I also want to flag a concern about evaluation metrics. "State-of-the-art" claims in robot learning are notoriously difficult to compare across papers because of differences in evaluation protocols, task definitions, and success criteria. The field would benefit from more standardized benchmarks with held-out test sets that aren't available to researchers during development. Right now, it's too easy to tune methods to specific benchmarks in ways that don't generalize.
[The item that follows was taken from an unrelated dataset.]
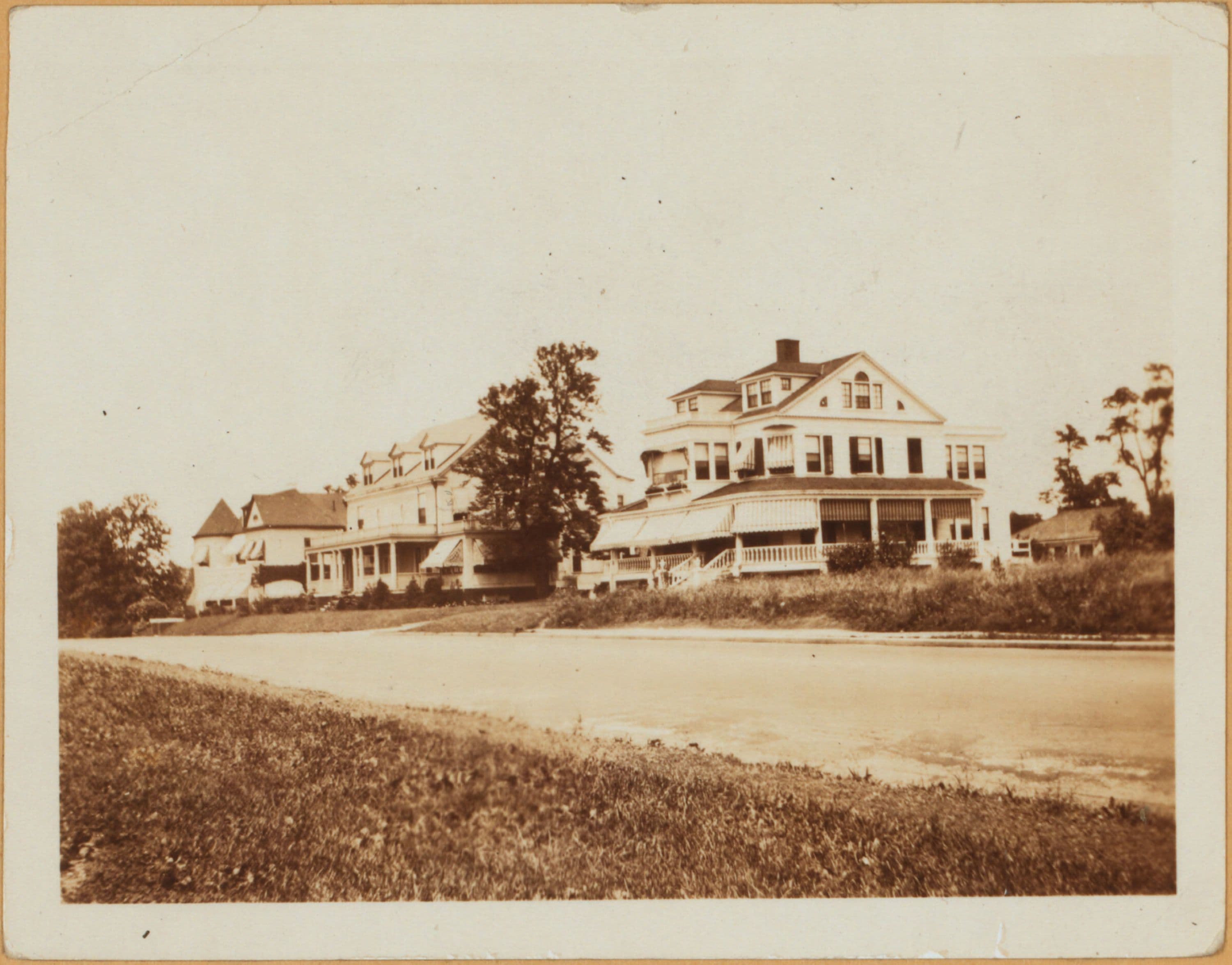 Brooklyn: Shore Road - 99th Street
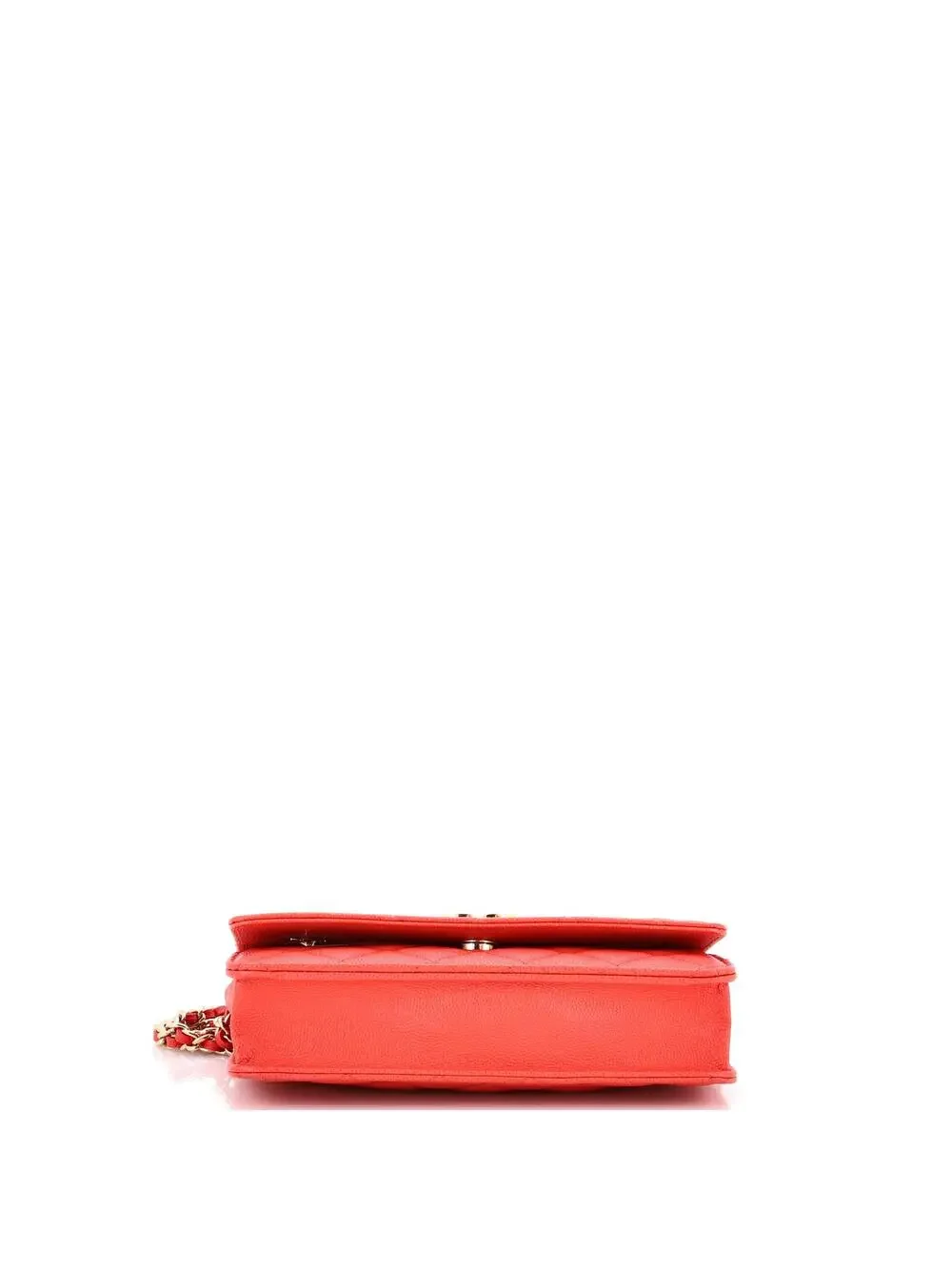 CHANEL elevate your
What I'd want to see next is a systematic comparison of these hierarchical approaches against each other and against simpler baselines on a common benchmark suite. The papers I've discussed use different evaluation setups, making it hard to know whether HiST-AT, HiMAQ, or Notes-to-Self would perform better on any given task. A unified evaluation would also help identify whether the benefits of hierarchy are additive (combining HiST-AT's temporal tokenization with Notes-to-Self's scratchpad, for example) or whether they're solving the same underlying problem in different ways.
There's also the question of computational cost. Hierarchical approaches typically require more parameters and more computation than flat approaches. The papers don't always report inference times or memory requirements in ways that allow direct comparison. For robotics applications where real-time control matters, this could be significant.
Despite these caveats, I think the convergence on hierarchical representations is meaningful. When multiple research groups independently arrive at similar architectural choices, it often indicates that there's something real being captured. The specific implementations differ (two-level vector quantization, language scratchpads, temporal versus spatial emphasis), but the underlying insight is shared: robot actions have structure that flat representations fail to exploit.
The connection to in-context learning is particularly intriguing. If hierarchical tokenization enables robots to learn new tasks from a handful of demonstrations, that addresses one of the key bottlenecks in robot deployment. Collecting large datasets for every task is impractical; being able to teach a robot a new task by showing it a few examples is much closer to how we'd actually want to use these systems.
But we're not there yet. The "few examples" in current in-context learning work is typically 10 to 50 demonstrations, which is better than thousands but still requires careful data collection. The tasks are often relatively simple by human standards. And the generalization to truly novel objects and environments remains limited.
I'll end with a methodological note. All three papers I've discussed are available on arXiv, which means they haven't gone through peer review (or in the case of the replace announcements, have been revised since initial posting). This is increasingly common in machine learning and robotics, and it's not necessarily a problem. But it does mean we should treat the claims with appropriate caution. Peer review isn't perfect, but it does catch some errors and overstatements. The rapid pace of publication in this field sometimes means that ideas get ahead of the evidence supporting them.
Hierarchical action tokenization is a promising direction. The recent papers advance our understanding of how to structure action representations for robot learning. But the field has a tendency toward hype cycles, and I'd rather see steady progress than breathless announcements of breakthroughs. The work is good. Let's just be precise about what it shows and what remains to be demonstrated.